Comparing All Three Types Numerically

from scipy import stats
import numpy as np

np.random.seed(42)

# Mesokurtic — standard normal
mesokurtic   = np.random.normal(loc=0, scale=1, size=10000)

# Leptokurtic — Student's t-distribution (low df = fatter tails)
leptokurtic  = np.random.standard_t(df=3, size=10000)

# Platykurtic — uniform distribution
platykurtic  = np.random.uniform(low=-3, high=3, size=10000)

for name, dist in [("Mesokurtic  (normal)", mesokurtic),
                   ("Leptokurtic (t, df=3)", leptokurtic),
                   ("Platykurtic (uniform)", platykurtic)]:
    k = stats.kurtosis(dist)
    print(f"{name}  →  Excess Kurtosis = {k:.3f}")

# Output (approximate):
# Mesokurtic  (normal)   →  Excess Kurtosis =  0.021
# Leptokurtic (t, df=3)  →  Excess Kurtosis =  5.847
# Platykurtic (uniform)  →  Excess Kurtosis = -1.193
🎯
Student's t-Distribution — The Classic Fat-Tail Tool

The t-distribution is leptokurtic by design.
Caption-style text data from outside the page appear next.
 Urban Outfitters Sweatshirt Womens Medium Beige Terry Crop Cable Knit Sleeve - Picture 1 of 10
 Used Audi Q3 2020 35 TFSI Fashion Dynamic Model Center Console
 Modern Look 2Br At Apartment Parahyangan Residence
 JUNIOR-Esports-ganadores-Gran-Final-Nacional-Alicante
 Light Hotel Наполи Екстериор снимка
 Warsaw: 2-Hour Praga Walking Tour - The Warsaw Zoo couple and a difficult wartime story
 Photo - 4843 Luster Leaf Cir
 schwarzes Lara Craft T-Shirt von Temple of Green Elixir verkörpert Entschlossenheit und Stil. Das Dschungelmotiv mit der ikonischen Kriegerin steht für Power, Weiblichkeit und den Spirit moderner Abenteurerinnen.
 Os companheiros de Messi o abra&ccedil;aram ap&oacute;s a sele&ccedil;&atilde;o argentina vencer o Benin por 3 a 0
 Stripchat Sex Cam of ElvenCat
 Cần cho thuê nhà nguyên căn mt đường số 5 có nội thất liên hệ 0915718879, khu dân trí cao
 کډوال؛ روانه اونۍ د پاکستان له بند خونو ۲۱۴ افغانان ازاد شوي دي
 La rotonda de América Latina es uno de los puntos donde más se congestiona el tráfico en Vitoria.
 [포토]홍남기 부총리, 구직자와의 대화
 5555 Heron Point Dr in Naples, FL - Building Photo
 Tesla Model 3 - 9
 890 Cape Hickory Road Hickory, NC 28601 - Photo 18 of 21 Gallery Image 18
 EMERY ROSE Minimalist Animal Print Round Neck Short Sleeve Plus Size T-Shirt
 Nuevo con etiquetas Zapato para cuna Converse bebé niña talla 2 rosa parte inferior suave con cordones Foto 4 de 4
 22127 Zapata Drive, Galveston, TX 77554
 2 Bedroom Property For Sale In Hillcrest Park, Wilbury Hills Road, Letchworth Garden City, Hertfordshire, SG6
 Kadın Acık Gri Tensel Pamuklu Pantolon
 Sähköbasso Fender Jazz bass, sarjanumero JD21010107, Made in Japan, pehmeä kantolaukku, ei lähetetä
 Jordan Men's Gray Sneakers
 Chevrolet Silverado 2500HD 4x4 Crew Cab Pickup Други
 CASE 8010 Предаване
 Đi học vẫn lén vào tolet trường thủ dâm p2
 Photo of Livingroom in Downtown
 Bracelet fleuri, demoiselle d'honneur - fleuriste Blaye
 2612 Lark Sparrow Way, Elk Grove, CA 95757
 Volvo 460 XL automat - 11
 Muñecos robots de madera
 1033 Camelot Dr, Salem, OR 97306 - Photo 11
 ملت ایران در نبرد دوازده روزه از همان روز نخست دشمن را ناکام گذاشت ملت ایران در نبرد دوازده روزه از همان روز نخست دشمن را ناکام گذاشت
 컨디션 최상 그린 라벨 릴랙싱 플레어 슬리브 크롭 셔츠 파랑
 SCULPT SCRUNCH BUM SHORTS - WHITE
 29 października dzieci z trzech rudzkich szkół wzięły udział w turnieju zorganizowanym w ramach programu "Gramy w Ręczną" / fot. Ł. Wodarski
As degrees of freedom (df) increase, it converges to the normal distribution and kurtosis → 0. At df=3, excess kurtosis = ∞ (theoretically undefined). At df=5, it equals 6. At df=30+, it is practically indistinguishable from normal. This is why t-tests work better than z-tests for small samples.


Section 08

Kurtosis Comparison Table

Type Raw Kurtosis Excess Kurtosis Peak Shape Tail Weight Real-world Example
Mesokurtic = 3 = 0 Medium bell Moderate Human heights, IQ
Leptokurtic > 3 > 0 Tall, sharp Fat / Heavy Stock returns, earthquakes
Platykurtic < 3 < 0 Flat, broad Thin / Light Uniform data, bounded scores
Property Kurtosis Skewness
Measures Tail heaviness / peak sharpness Asymmetry / lean direction
Moment used 4th central moment 3rd central moment
Normal value 3 (raw) / 0 (excess) 0
Sensitive to outliers? Extremely Yes
SciPy function stats.kurtosis() stats.skew()

Section 09

Golden Rules

🎯 Kurtosis — Key Rules
1
Kurtosis measures tail heaviness, not peakedness. A common misconception is that kurtosis describes how "pointy" the peak is. It actually measures how much probability mass lives in the tails relative to the normal distribution.
2
Know whether your tool returns raw or excess kurtosis. SciPy, Pandas, and Excel all return excess kurtosis (normal = 0). Some textbooks report raw kurtosis (normal = 3). Mixing the two is a critical error.
3
Kurtosis is extremely sensitive to outliers. A single extreme value can make a perfectly normal-looking dataset appear strongly leptokurtic. Always plot your data and check for outliers before interpreting kurtosis.
4
Fat tails mean higher real-world risk. In finance, insurance, and engineering, leptokurtic data means extreme events are more likely than normal models predict. Always test for kurtosis before applying any model that assumes normality.
5
Use kurtosis alongside skewness for full shape diagnostics. Skewness tells you about asymmetry; kurtosis tells you about tail weight. Together they describe the shape of any distribution beyond just mean and variance. Run both before assuming normality.
6
The normal distribution is always your reference point. Excess kurtosis = 0 → normal tails. > 0 → heavier than normal. < 0 → lighter than normal. This baseline makes interpretation consistent across any dataset or domain.